If it was possible to graph one’s memory drawing progress, odds are most student’s would look like one of the two lines shown on the graph below.

Notice how the blue line rises at a consistent rate over time, whereas the green line starts slow but ends up at the same point in the end.

time-grh

If you are concerned, the best way to check your progress is to:

  1. Have consistently practiced:
    • 15 minutes per day,
    • 4 to 5 days per week,
    • for at least 2 months.
  2. Always mark up your exercises with the correct shapes (it’s often best to do you shape exercises on tracing paper and mark them up with red colored pencil).
  3. Review the previous week’s attempts before starting the current week.
  4. If you’re at the end of the aforementioned second month, go back to some of the initial exercises and attempt them again.

Another test is to attempt a memory drawing of a static image (like a photograph of a simple still life) early on so as to establish a baseline.
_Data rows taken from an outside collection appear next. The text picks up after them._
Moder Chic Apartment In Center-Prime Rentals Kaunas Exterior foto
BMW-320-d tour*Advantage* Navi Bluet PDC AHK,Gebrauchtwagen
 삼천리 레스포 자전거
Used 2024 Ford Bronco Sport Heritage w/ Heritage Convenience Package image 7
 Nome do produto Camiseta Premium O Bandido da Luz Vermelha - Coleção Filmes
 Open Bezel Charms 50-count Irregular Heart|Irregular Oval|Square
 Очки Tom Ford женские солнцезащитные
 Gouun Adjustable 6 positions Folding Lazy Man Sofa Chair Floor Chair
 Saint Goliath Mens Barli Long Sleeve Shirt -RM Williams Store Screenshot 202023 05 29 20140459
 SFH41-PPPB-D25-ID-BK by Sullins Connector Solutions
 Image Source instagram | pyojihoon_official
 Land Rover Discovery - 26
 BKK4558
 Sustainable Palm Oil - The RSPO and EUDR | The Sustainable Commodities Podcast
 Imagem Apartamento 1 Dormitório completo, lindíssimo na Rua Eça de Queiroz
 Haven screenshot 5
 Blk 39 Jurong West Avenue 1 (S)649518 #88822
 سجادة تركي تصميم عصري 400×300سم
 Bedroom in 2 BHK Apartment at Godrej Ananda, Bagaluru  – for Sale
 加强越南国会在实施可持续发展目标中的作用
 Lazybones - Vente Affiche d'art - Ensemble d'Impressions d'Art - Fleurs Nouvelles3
Then, try drawing the same image from memory every other month.

It’s also possible that you’re moving through your exercises too fast.

Don’t fret and don’t let the weekly designations lock you in. Maybe you need to stay with certain exercises for more than the allotted week?

pencil-target

Realizing Perfection

Perfect accuracy in drawing is the initial result of learning to see. It is, and should be, the goal of every art student. Perfection in memory drawing is also a goal. But it is not the main goal. The main goal is consistent practice. Over time that consistency will result is perfection.

Beyond the ideas above, understand that your ability to accurately draw what you’re looking at will affect your success in memory drawing. In fact it works both ways. Accurate drawing and memory drawing are symbiotic.2

The best way to test your drawing accuracy is to take any exercise at which you feel you failed and try to draw it directly.

  1. Set the source and your paper side-by-side in a Sight-Size arrangement.
  2. Make the same control marks on your paper as you would when memory drawing.
  3. Draw the subject by simply using your eye to see it (no mechanical measuring).

How did you do? Odds are, better than your memory drawing version and that’s perfectly ok. In fact, memory drawing accuracy normally lags behind direct drawing accuracy.

However, if your direct drawing is dramatically inaccurate then I would not expect a good memory drawing. Yes, keep exercising your visual memory, but don’t let that practice overtake your regular drawing time.

That’s good advice for everyone by the way, whether or not their eye is accurate.

I tell my students that despite apparent failure, their ability to improve is not fixed. It can and will change through persistent effort. Believe it or not, simply believing those facts will help them persevere.3

It’s true for you as well.

So don’t resist building a memory drawing habit. Instead, keep pushing that rock up the hill and persist. Over time you’ll be very glad you did.

1From the book, Grit: The Power and Passion of Perseverance by Angela Duckworth.
2 While it is possible to learn to draw by only doing memory drawing practice, it might dramatically increase the time it takes. Conversely, using memory drawing as a supplement should help your accuracy over time. That’s why I stress the fact that memory drawing is meant to supplement your regular art training.
3From the book, Mindset: The New Psychology of Success by Carol Dweck.